Era el principio de los
tiempos. El Sol y la Luna eran marido y mujer: dos dioses
gigantes, tan buenos y generosos como enormes eran.
El Sol era el dueño de
todo el calor y la fuerza del mundo; tanto era su poder que
de sólo extender los brazos la tierra se inundaba de luz y
de sus dedos prodigiosos brotaba el calor a raudales.
Era el dueño absoluto
de la vida y de la muerte.
Ella, la Luna, era
blanca y hermosa.
Dueña de la sabiduría y
el silencio; de la paz y la dulzura. Ante su presencia todo
se aquietaba.
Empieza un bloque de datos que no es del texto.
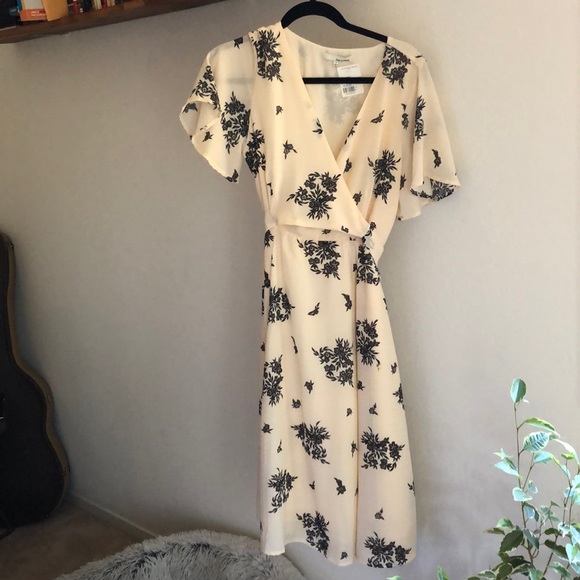june & hudson Dresses & Skirts - Cream and black midi dress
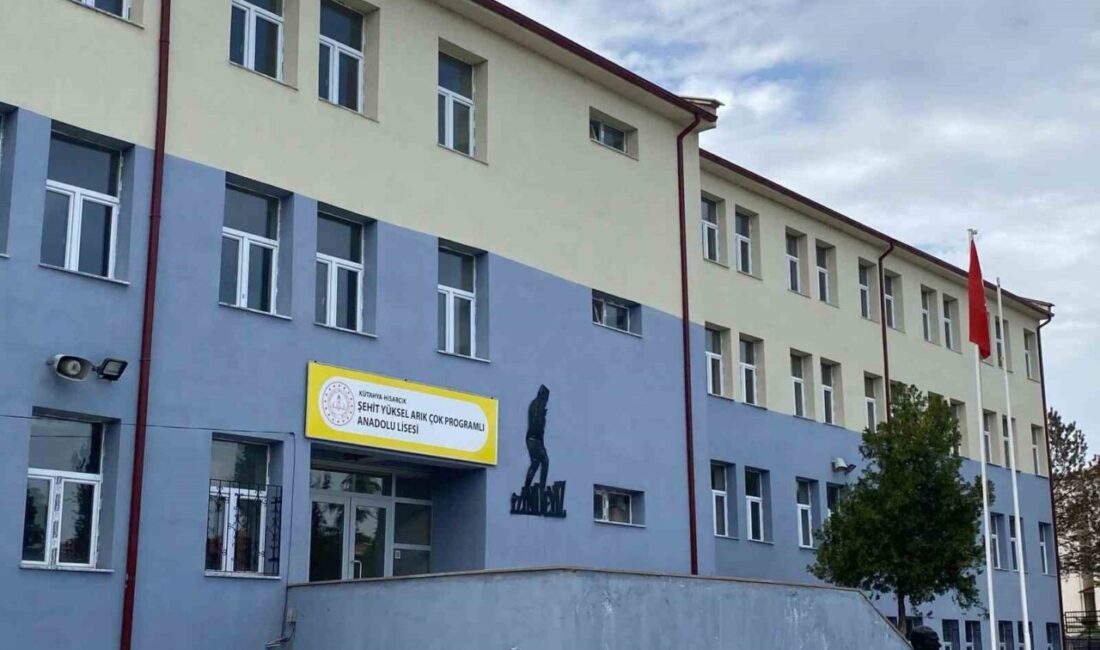 Hisarcık Şehit Yüksel Arık Çok Programlı Anadolu Lisesinin (ÇPL) Milli
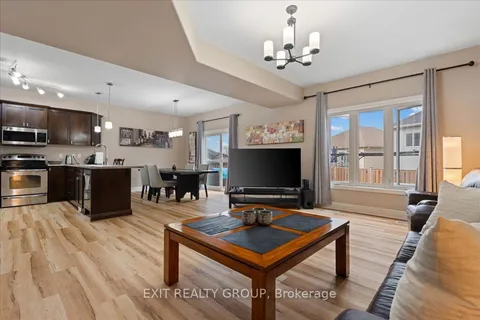 82 Mountain Ash Drive, ON K8N 0E3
Andando por la tierra crearon la llanura: una
inmensa extensión que cubrieron de pastos y de flores para
hacerla más bella. Y la llanura era una lisa alfombra verde
por donde los dioses paseaban con blandos pasos. Luego
crearon las lagunas donde el Sol y la Luna se bañaban
después de sus largos paseos.
Pero los dioses se
cansaron de estar solos: y poblaron de peces las aguas y de
otros animales la tierra.¡Qué felices se sentían de verlos
saltar y correr por sus dominios! Satisfechos de su obra
decidieron regresar al cielo. Entonces fue cuando pensaron
que alguien debía cuidar esos preciosos campos: y crearon a
sus hijos, los hombres. Ahora ya podían regresar. Muy
tristes se pusieron los hombres cuando supieron que sus
amados padres los dejarían. Entonces el Sol les dijo:
-Nada debéis temer; ésta es vuestra tierra. Yo enviaré mi luz hasta
vosotros, todos los días. Y también mi calor para que la
vida no acabe.
Y dijo la Luna:
-Nada debéis temer; yo iluminaré levemente las sombras de la noche y
velaré vuestro descanso.
Así
pasó el tiempo. Los días y las noches. Era el tiempo feliz.
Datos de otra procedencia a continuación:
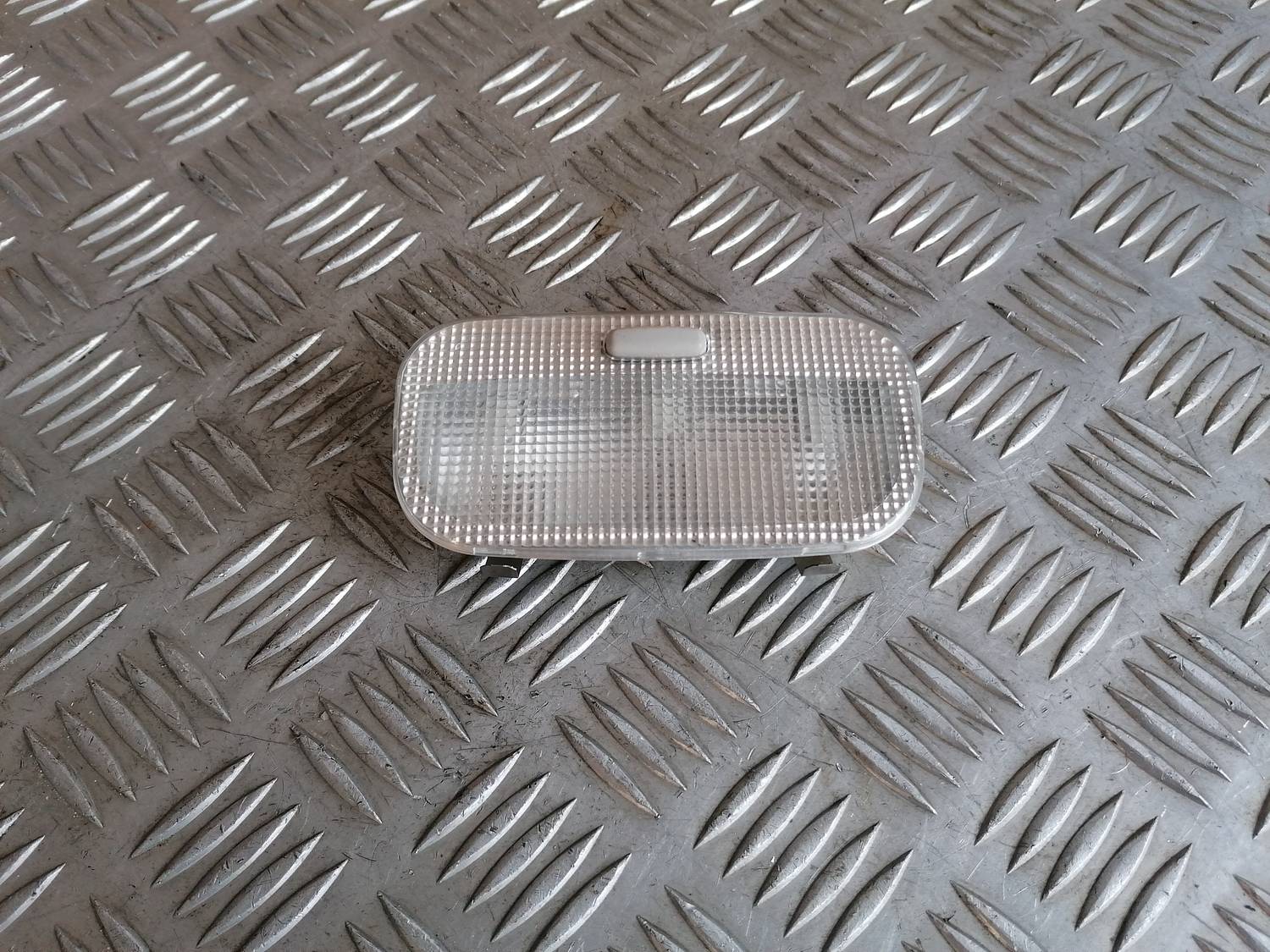 Aizmugurējo sēdvietu apgaismojums priekš XSARA PICASSO 2003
Los indios se sentían protegidos por sus dioses y les
bastaba mirar al cielo para saber que ellos estaban siempre
allí enviándoles sus maravillosos dones. Adoraban al Sol y
la Luna y les ofrecían sus cantos y sus danzas.
Un día vieron que el
Sol empezaba a palidecer, cada vez más y más y más... ¿qué
pasaba?, ¿qué cosa tan extraña hacía que su sonriente rostro
dejara de reír? Algo terrible, pero que no podían
explicarse, estaba sucediendo.
Pronto se dieron cuenta
que un gigantesco puma alado acosaba por la inmensidad de
los cielos al bondadoso Sol.
Y el Dios se debatía
entre los zarpazos del terrible animal que quería
destruirlo. Los indios no lo pensaron más y se prepararon
para defenderlo. Los más valientes y hábiles guerreros se
reunieron y empezaron a arrojar sus flechas al intruso que
se atrevía a molestar al Sol.
Una, dos, miles y miles
de flechas fueron arrojadas, pero no lograban destruir al
puma, que, por el contrario, cada vez se ponía más furioso.
Por fin uno dio en el blanco y el animal cayó atravesado por
la flecha que entraba por el vientre y salía por el lomo.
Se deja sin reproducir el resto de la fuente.